2) Talk About It In Real Life
What happens on the internet doesn’t need to stay on the internet. Your website is an integral tool for your business, online and offline. When you’re networking in the real world, keep on offline version of your website with you on your smartphone or tablet. Providing a visual cue in conversations will help remind your new friend or potential client to visit your website again and spend more time exploring.
3) Check Your Keywords
You don’t have to search for long to find hundreds upon hundreds of blog posts encouraging you to get hip to keywords on your website. “Use popular search keywords in your headlines!”, the cheer. “Throw as many keywords as you can around your site!”, they plead. The reality is, orienting your website content around keywords alone will rarely win you long-term gains in traffic or conversions.
Keywords can be broken up into two different categories: “broad keywords” and “longtail keywords”. “Broad keywords” refer to general (and usually high-traffic) words that you might use throughout your site to align yourself as broadly as possible with an industry. “Longtail keywords”, meanwhile, refer more specific terms that help users narrow what you do down from a larger industry. While they’re often industry-specific keywords, longtail keywords can also be strings of several words, such as “what/who/where is ______?” or “ways to _____.” In these cases, consider what your audience might come to your website looking for, and address their potential questions in your longtail keyword.
Longtail keywords help to drive your most relevant traffic, meaning that you will have a higher chance of starting and sustaining a relationship with your new visitors.
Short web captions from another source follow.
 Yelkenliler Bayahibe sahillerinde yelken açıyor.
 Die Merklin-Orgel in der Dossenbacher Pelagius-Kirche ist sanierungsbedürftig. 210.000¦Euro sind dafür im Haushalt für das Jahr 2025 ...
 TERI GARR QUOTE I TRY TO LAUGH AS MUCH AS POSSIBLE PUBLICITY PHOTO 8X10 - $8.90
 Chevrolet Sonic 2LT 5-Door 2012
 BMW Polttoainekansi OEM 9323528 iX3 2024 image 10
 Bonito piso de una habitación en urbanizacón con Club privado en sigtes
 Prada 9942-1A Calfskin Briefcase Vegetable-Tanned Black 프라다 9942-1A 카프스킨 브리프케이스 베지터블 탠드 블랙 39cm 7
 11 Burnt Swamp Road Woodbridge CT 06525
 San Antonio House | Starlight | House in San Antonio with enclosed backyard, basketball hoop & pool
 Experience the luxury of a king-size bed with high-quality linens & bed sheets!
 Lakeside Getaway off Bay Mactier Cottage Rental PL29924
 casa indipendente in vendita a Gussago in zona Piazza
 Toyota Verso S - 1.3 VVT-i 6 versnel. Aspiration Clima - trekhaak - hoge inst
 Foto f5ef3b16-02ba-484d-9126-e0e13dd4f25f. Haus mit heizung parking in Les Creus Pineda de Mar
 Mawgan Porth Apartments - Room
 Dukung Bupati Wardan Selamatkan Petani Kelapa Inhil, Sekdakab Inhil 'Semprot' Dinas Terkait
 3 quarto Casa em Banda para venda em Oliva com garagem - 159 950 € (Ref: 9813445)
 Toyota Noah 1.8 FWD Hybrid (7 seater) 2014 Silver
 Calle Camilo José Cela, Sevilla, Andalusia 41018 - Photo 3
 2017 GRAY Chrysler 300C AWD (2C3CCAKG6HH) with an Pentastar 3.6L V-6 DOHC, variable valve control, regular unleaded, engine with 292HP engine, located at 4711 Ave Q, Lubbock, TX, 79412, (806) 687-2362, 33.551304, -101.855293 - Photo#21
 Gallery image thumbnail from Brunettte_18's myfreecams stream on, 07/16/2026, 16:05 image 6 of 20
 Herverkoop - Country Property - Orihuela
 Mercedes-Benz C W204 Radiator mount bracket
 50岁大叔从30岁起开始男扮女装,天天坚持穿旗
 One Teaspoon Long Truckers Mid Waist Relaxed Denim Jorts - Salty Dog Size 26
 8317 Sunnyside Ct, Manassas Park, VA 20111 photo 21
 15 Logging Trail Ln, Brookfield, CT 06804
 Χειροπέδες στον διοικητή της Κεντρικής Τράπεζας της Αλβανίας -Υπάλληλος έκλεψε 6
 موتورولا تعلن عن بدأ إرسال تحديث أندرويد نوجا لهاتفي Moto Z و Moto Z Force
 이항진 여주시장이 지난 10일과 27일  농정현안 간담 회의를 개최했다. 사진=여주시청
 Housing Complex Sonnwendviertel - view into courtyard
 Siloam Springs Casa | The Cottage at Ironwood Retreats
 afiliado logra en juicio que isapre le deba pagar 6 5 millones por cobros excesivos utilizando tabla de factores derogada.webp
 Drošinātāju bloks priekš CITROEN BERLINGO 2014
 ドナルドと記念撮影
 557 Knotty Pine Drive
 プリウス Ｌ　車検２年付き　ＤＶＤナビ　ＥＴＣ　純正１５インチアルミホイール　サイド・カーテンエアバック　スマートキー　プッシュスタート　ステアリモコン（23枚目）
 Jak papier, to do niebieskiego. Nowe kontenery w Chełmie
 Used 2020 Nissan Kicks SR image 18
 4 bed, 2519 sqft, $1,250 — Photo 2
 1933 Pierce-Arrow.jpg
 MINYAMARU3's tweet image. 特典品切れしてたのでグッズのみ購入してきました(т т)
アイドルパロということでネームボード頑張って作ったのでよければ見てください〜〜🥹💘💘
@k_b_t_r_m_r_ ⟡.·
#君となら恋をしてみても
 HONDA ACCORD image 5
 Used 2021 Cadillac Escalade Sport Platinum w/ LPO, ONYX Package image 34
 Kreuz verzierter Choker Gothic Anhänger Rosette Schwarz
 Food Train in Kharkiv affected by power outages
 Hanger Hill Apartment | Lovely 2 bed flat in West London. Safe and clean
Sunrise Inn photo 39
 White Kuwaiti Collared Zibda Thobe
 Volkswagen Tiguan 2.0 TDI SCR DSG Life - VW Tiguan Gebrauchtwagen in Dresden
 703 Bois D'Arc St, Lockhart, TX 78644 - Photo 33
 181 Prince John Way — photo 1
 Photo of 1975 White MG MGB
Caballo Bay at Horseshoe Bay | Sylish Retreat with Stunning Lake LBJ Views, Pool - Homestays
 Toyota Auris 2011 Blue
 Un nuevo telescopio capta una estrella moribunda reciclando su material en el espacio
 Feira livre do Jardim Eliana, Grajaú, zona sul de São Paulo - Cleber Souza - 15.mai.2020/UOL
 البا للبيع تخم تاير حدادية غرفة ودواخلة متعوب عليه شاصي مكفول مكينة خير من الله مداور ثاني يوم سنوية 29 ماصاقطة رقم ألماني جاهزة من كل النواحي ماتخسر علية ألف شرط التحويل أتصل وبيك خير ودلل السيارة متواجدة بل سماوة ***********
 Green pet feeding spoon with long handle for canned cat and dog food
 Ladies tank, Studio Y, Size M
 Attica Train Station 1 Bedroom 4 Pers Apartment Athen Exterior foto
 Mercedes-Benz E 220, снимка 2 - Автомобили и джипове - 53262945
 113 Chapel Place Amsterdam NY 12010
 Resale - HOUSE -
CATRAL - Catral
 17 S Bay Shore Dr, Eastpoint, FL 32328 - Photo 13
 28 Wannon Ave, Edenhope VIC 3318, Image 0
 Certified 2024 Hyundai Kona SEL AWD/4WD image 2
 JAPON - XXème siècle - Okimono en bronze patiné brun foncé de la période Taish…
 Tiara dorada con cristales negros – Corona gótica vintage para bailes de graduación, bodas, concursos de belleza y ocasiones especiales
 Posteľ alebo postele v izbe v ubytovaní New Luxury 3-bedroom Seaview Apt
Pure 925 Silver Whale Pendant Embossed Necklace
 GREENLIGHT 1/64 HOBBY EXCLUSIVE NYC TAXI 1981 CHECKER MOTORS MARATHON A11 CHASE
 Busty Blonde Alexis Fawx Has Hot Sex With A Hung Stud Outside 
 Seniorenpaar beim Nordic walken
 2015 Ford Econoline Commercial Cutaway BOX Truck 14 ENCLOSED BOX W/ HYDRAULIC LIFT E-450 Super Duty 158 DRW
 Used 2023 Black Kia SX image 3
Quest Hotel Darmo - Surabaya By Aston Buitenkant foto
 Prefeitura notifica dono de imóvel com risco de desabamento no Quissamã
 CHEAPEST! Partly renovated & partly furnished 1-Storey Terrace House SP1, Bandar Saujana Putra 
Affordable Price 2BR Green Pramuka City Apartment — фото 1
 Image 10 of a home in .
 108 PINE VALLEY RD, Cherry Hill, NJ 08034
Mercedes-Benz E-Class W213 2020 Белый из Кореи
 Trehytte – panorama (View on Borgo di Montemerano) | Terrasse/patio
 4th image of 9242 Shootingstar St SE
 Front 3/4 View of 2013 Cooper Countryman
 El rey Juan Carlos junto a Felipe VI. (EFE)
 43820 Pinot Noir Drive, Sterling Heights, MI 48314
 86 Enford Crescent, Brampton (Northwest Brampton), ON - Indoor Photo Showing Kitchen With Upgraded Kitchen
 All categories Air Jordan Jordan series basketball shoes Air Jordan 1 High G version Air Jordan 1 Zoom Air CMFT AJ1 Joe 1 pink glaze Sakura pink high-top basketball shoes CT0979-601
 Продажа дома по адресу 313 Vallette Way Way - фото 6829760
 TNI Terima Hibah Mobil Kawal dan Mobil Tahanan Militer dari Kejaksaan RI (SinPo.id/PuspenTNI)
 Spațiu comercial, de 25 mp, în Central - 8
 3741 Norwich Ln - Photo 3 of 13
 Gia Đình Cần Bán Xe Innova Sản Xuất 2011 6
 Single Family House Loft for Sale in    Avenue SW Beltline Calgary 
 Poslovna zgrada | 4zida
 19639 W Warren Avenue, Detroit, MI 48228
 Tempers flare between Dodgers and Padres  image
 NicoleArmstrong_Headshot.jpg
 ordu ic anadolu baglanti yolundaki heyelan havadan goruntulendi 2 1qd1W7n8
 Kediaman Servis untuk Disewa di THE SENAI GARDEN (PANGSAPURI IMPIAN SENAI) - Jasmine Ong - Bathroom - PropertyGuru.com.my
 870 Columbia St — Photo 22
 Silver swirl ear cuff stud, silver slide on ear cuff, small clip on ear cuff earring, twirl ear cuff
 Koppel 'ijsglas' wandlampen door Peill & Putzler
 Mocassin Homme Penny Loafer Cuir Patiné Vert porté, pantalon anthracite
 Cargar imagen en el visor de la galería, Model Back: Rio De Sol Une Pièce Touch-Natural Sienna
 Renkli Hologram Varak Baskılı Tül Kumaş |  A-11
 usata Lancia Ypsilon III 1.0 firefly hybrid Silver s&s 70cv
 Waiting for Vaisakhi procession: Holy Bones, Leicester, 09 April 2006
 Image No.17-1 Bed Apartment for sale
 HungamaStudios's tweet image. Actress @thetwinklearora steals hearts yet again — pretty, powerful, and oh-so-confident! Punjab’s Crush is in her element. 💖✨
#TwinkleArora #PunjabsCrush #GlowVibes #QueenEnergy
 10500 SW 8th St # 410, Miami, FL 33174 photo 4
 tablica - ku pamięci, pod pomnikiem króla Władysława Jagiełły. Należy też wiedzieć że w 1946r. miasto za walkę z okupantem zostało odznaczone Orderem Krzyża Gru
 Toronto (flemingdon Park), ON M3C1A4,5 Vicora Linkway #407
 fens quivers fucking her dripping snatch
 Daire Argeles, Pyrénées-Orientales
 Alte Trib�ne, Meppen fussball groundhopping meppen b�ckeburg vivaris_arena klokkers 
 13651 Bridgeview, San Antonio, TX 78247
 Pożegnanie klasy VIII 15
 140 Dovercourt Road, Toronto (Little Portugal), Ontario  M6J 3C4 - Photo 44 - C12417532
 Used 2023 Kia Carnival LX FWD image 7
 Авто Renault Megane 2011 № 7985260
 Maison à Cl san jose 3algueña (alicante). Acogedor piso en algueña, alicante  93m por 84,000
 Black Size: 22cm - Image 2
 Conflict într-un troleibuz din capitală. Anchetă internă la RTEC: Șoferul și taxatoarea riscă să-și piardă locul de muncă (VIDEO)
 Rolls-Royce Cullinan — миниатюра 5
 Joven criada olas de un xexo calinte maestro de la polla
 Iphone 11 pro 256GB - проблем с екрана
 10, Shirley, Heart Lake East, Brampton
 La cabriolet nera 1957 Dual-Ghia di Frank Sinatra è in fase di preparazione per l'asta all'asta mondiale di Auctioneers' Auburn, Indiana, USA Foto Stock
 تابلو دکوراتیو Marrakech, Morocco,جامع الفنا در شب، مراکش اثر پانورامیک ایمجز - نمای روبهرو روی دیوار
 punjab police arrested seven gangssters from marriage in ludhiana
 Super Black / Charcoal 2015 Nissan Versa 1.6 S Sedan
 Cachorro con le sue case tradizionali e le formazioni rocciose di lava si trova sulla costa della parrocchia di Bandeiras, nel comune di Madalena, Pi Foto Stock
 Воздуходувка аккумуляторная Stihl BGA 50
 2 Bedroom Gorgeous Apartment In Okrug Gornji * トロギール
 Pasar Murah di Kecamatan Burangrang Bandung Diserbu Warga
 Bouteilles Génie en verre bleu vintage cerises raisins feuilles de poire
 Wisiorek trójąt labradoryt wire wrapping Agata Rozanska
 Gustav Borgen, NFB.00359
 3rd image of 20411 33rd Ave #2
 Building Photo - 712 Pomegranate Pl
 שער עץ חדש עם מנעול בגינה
For more tips on how to structure keywords to drive traffic, check out this informative article via our friends at HubSpot.
4) Get Friendly With Google
There’s little doubt that Google wields inimitable power on the Internet (and our daily lives). Like it or not, to get ahead online, you may have to get friendly with them. Google offers a huge variety of tools to help sites get ranked on their search engines, but for new site owners, your first step should be to submit your website and its contents to Google. All you need to do is enter your URL and a captcha, and Google will take care of the rest.
There are other ways to cuddle up to Google to improve your search ranking. There’s Google Business, which allows you to register your physical business so that it will more easily show up on searches while providing basic information such as opening hours, reviews, and price ranges. Despite is second-fiddle reputation, Google+ is also a helpful resource when it comes to driving traffic to your website by linking your own website’s content to third party content, comments, and your entire existing social network.